Two-thirds of the world is financially illiterate, according to a comprehensive new study of our understanding of things such as compound interest, inflation and investment.
The UK was ranked as the sixth most financially literate country in the world, with Scandinavians leading the way. In Norway, Denmark and Sweden, 71 per cent of people answered three out of four questions on finance correctly, while 67 per cent were on the money in the UK.
The Global Financial Literacy by Standard and Poor's questioned more than 150,000 adults in 140 countries across the globe and found the US trailing in 21st place while a global gap was identified between men and women's understanding, as well as between the knowledge of those in wealthy countries and those in developing countries.
Northern Europe leads the way in financial literacy, however there was a divide across the region. 52 per cent adults understand financial matters, on average, but in Romania, that stands at just 22 per cent.
Think you're a financial whizz compared to most people? Here are the five simple questions the survey asked.
1. Risk diversification
Suppose you have some money. Is it safer to put your money into one business or investment, or to put your money into multiple businesses or investments?
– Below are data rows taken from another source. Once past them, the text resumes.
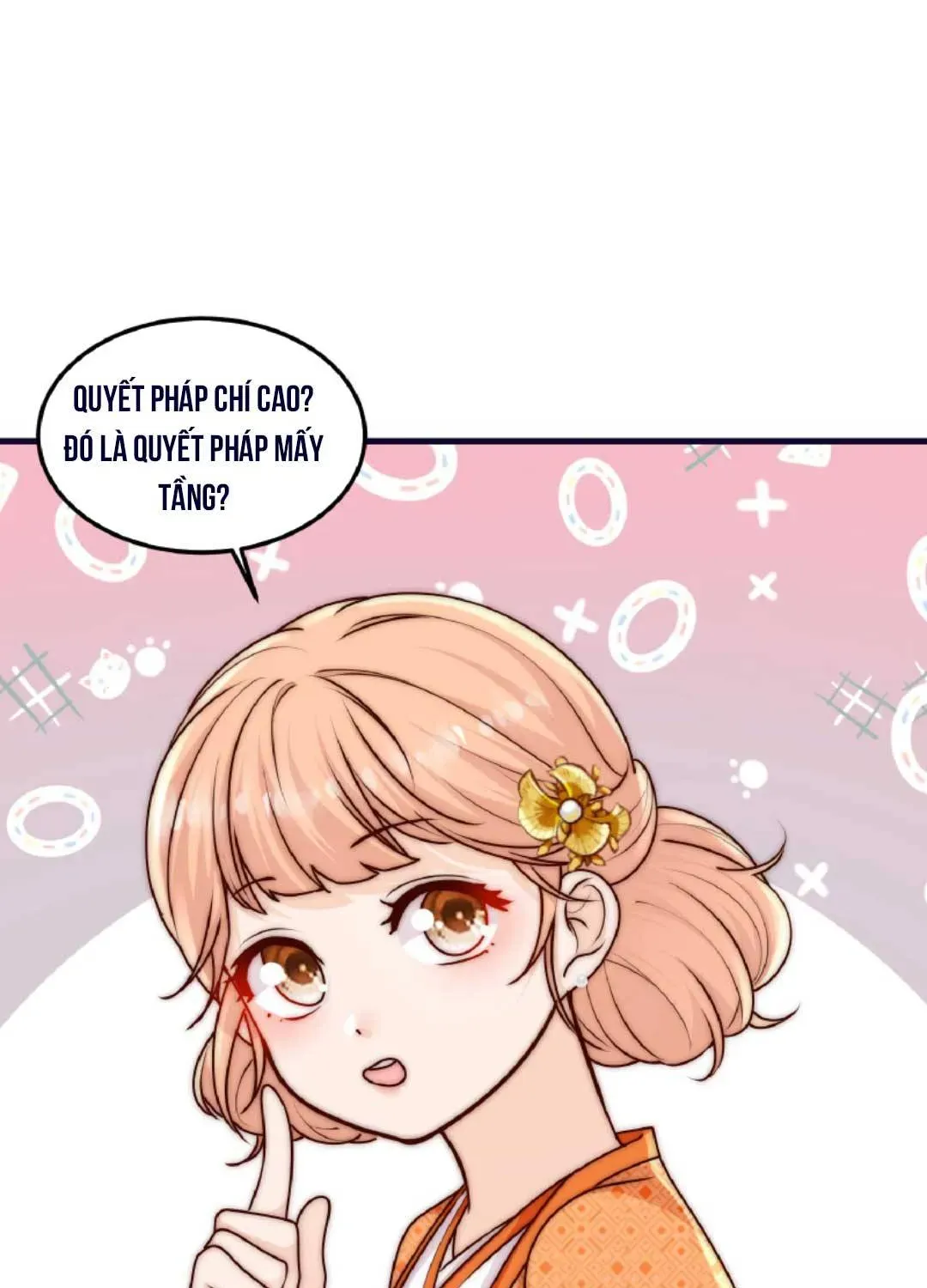 Tất Cả Phản Diện Đều Hắc Hoá , Chỉ Mỗi Sư  Là Hài Hước Chapter 41 - Trang 17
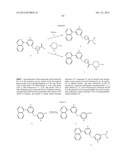 Isoquinoline, quinoline, and quinazoline derivatives as inhibitors of     hedgehog signaling diagram and image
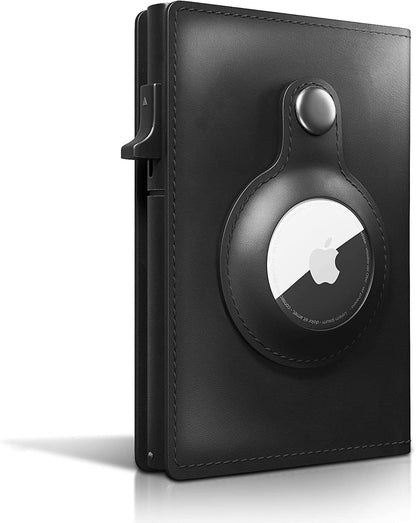 Airtag Metal Wallet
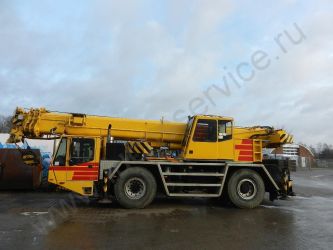 Demag AC 95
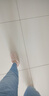 卡骆驰crocs经典云朵老爹鞋洞洞鞋时尚百搭女鞋拖鞋一脚蹬|206750 石英粉-6UR(含智必星) 36 /37(230mm) 实拍图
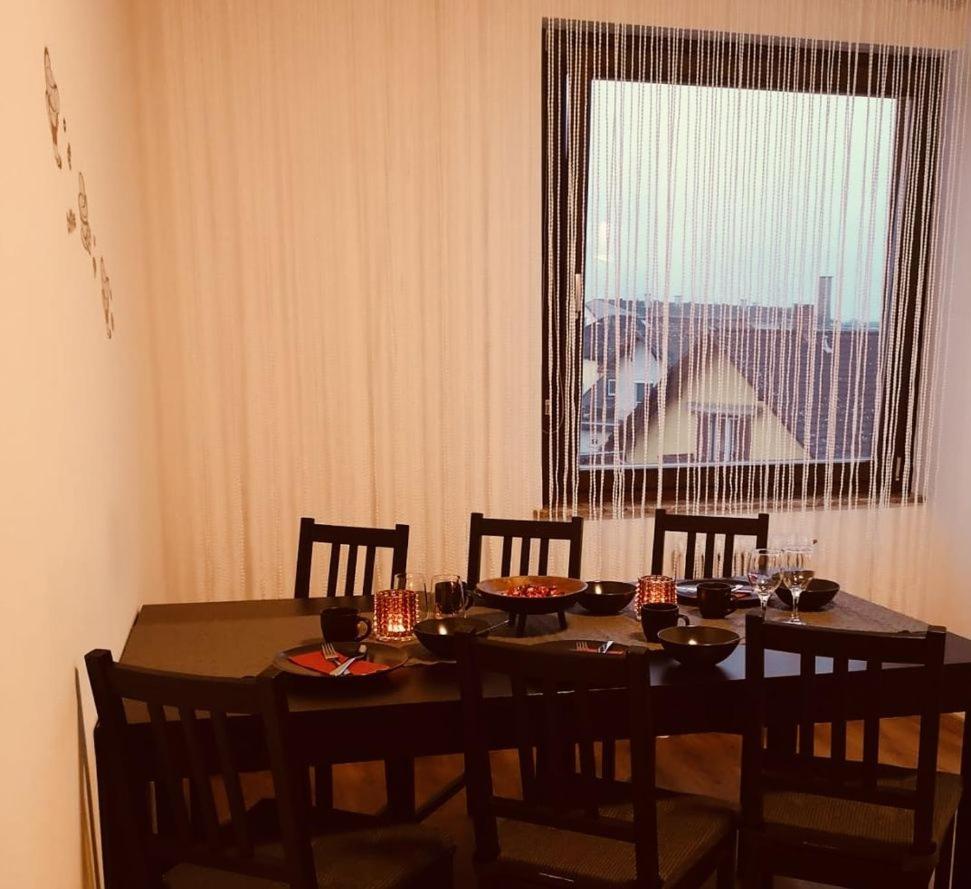 Thermenland-Traum Apartment Fuerstenfeld Luaran gambar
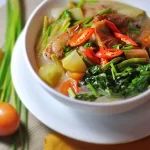 What Are Some Vegetable-Based Filipino Breakfast Options?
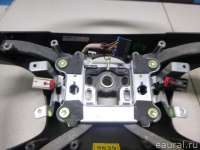 Рулевое колесо для AIR BAG (без AIR BAG) Chevrolet Captiva 2012г. 20929639 - Фото 4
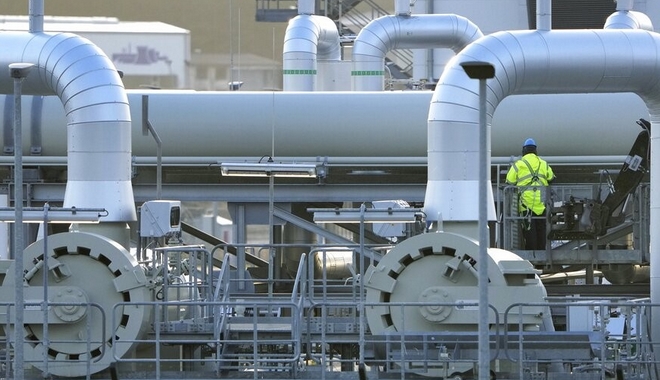 Η δολιοφθορά στους αγωγούς Nord Stream επιταχύνει τις ευρωπαϊκές αποφάσεις για το αέριο
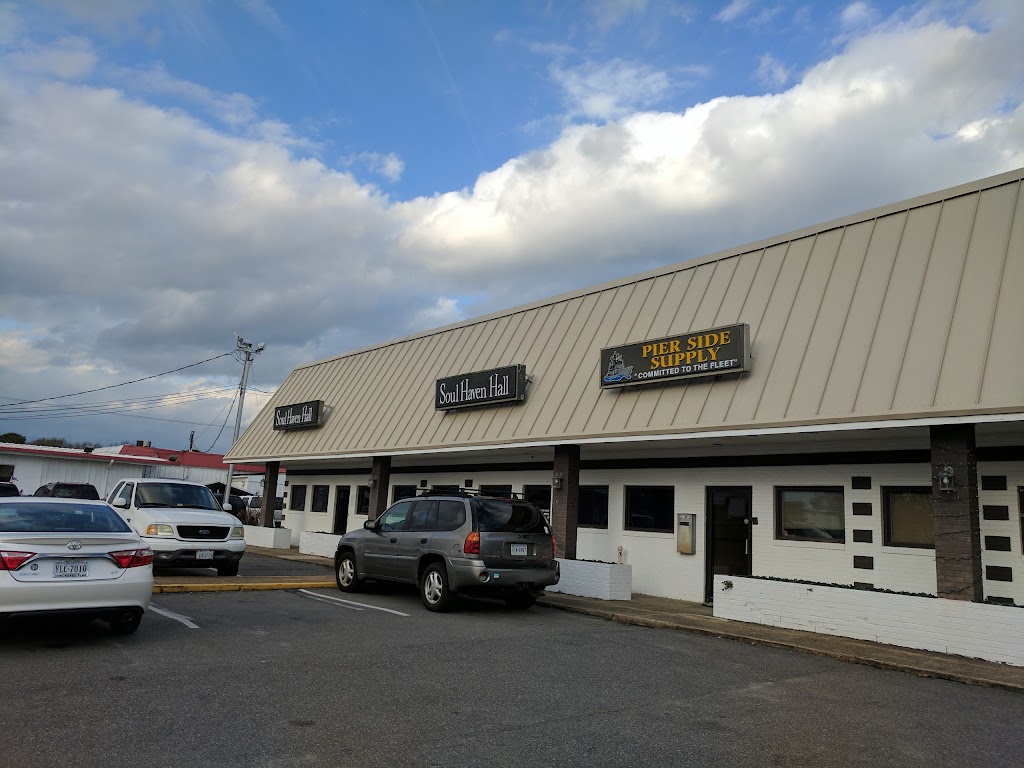 Pier Side Supply | 1080 Aragona Blvd # C, Virginia Beach, VA 23455, USA | Phone: (757) 671-3211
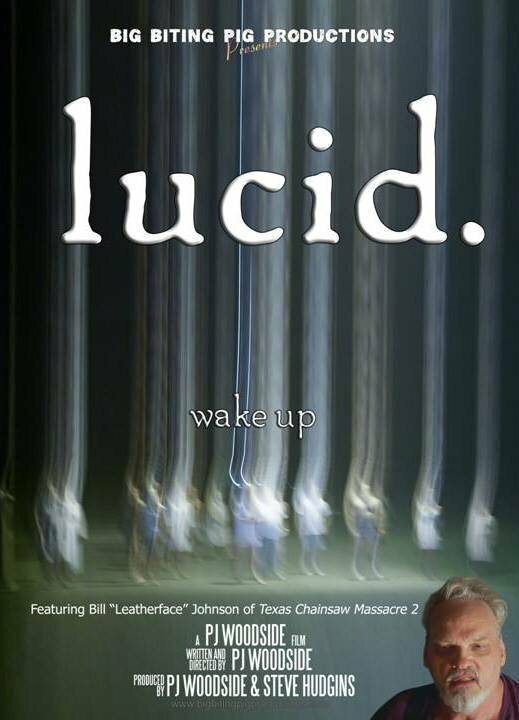 Lucid (2013) постер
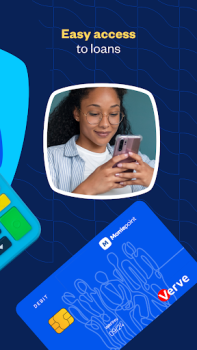 Baixar Moniepoint Business Banking Finanças para Android captura de tela 5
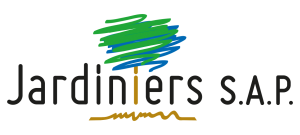 Jardiniers SAP logo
Suppose over the next 10 years the prices of the things you buy double. If your income also doubles, will you be able to buy less than you can buy today, the same as you can buy today, or more than you can buy today?
3. Numeracy (interest)
Suppose you need to borrow 100 US dollars. Which is the lower amount to pay back: 105 US dollars or 100 US dollars plus three percent?
4. Compound interest
Suppose you put money in the bank for two years and the bank agrees to add 15 percent per year to your account. Will the bank add more money to your account the second year than it did the first year, or will it add the same amount of money both years?
5. Compound interest
Suppose you had 100 US dollars in a savings account and the bank adds 10 percent per year to the account. How much money would you have in the account after five years if you did not remove any money from the account?
Test your knowledge in the quiz below to see how you score
In addition to greater understanding in advanced economies, researchers from the World Bank, Global Literacy Excellence Centre and George Washington University who analysed the data collected by Gallup, found that inflation was better understood by those in countries who have experienced it recently, such as Argentina, Peru and Bosnia Herzegovina.
It also found people aged over 65 had the worst literacy of any age group. Overall, under 35s had the best knowledge – the same goes for emerging economies while 36-50 year olds came out top in advanced economies.
Financial literacy was also found to be better among those who own their own home.